(Saved data entries)
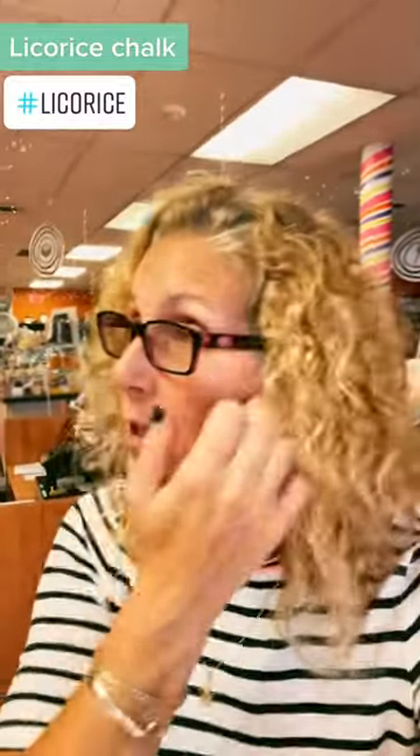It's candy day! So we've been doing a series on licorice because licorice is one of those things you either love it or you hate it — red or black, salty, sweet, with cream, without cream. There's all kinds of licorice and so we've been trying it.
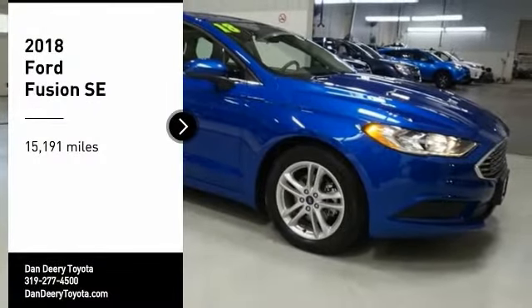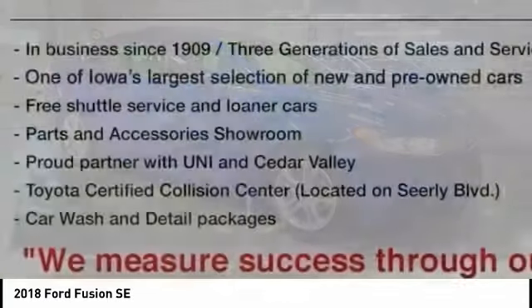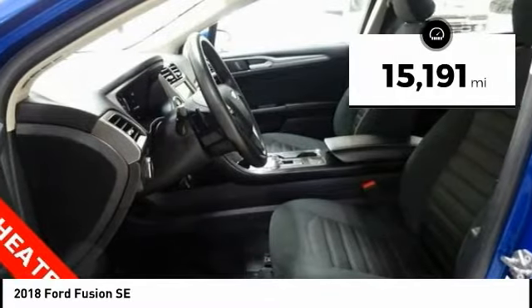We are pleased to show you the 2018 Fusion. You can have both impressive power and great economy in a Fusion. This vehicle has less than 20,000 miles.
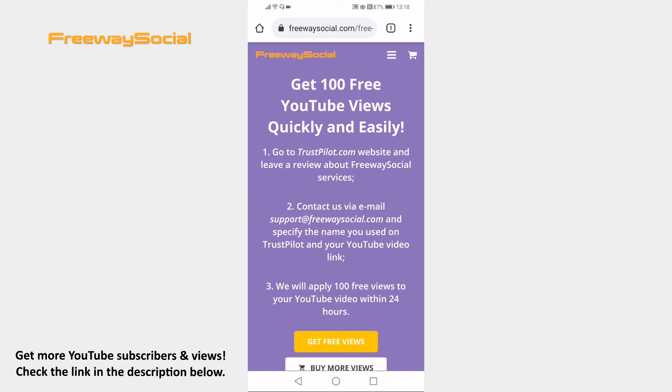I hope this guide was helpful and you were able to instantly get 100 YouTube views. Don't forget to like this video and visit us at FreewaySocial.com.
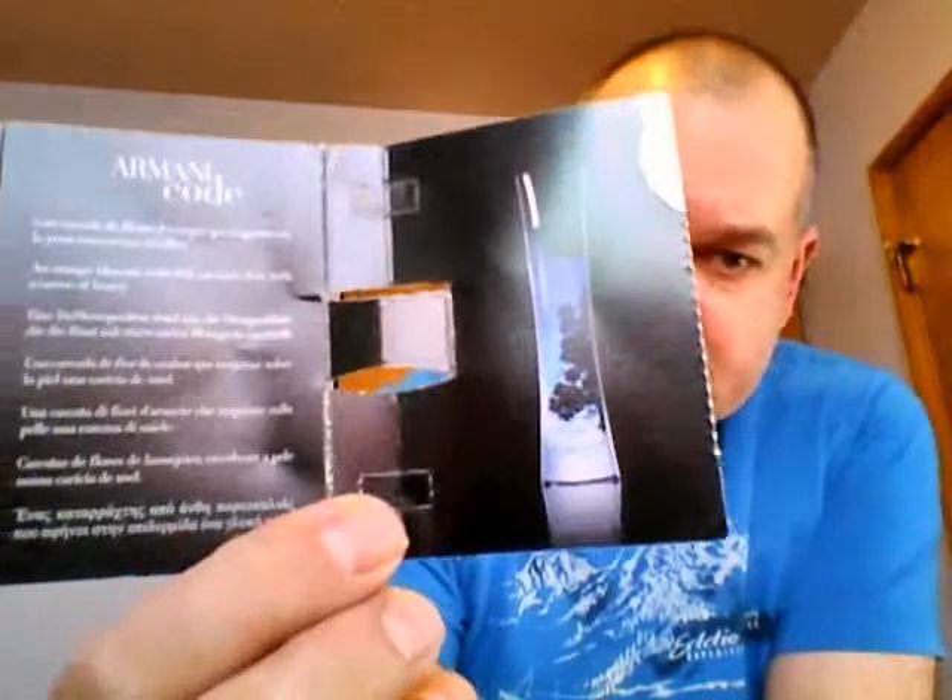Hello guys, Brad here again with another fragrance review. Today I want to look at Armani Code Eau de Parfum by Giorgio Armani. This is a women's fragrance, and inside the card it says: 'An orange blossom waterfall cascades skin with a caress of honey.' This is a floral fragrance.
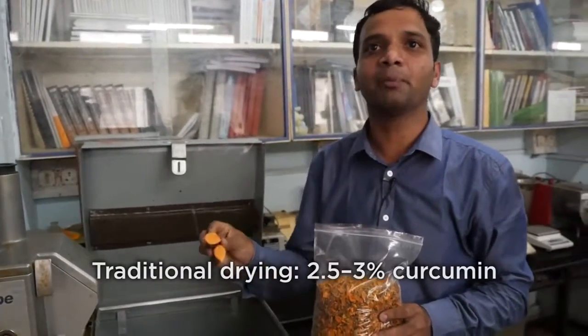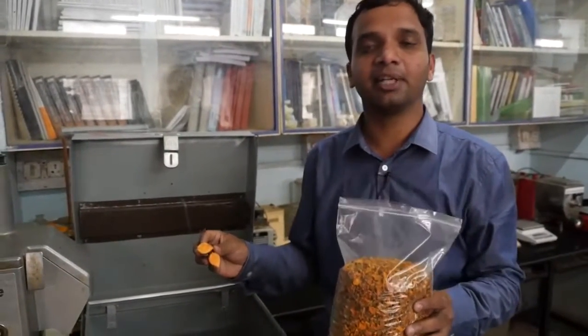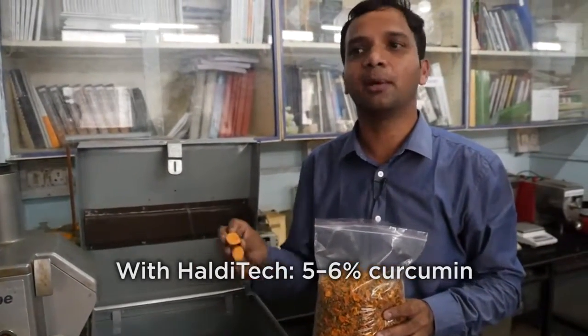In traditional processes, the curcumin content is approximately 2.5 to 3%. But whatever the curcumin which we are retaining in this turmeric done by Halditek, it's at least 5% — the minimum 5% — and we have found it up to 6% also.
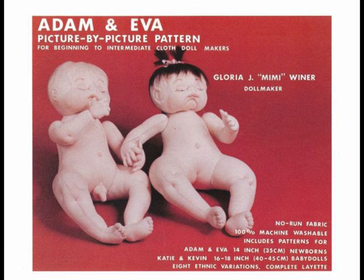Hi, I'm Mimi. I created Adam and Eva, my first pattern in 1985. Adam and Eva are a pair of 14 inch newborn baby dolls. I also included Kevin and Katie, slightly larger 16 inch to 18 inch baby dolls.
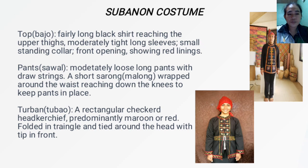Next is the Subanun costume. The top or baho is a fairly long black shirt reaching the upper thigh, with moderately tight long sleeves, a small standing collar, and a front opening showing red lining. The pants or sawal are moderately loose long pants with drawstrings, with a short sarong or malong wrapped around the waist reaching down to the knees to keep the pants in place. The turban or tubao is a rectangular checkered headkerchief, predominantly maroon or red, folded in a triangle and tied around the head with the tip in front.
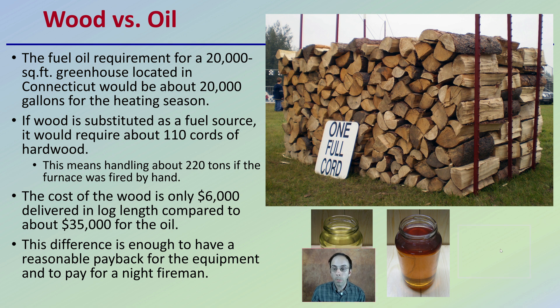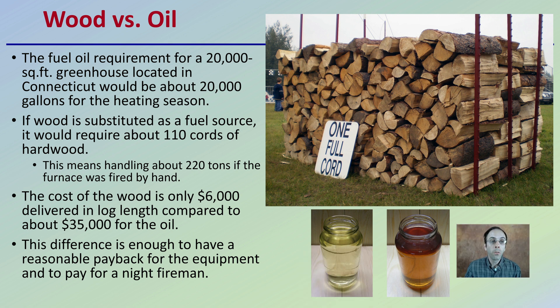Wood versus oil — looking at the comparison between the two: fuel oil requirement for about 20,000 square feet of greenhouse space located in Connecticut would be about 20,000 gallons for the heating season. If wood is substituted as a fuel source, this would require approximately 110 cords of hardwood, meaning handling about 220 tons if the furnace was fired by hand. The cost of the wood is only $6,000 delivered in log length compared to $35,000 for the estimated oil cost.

Problem details -> Look above for the line with "We are pleased", then print it and each line after it down to and including the line with "In traditional processes, the". Leave out the pictures and keep the wording exact.

Solution to this problem ->
We are pleased to show you the 2018 Fusion. You can have both impressive power and great economy in a Fusion. This vehicle has less than 20,000 miles.
I hope this guide was helpful and you were able to instantly get 100 YouTube views. Don't forget to like this video and visit us at FreewaySocial.com.
Hello guys, Brad here again with another fragrance review. Today I want to look at Armani Code Eau de Parfum by Giorgio Armani. This is a women's fragrance, and inside the card it says: 'An orange blossom waterfall cascades skin with a caress of honey.' This is a floral fragrance.
In traditional processes, the curcumin content is approximately 2.5 to 3%. But whatever the curcumin which we are retaining in this turmeric done by Halditek, it's at least 5% — the minimum 5% — and we have found it up to 6% also.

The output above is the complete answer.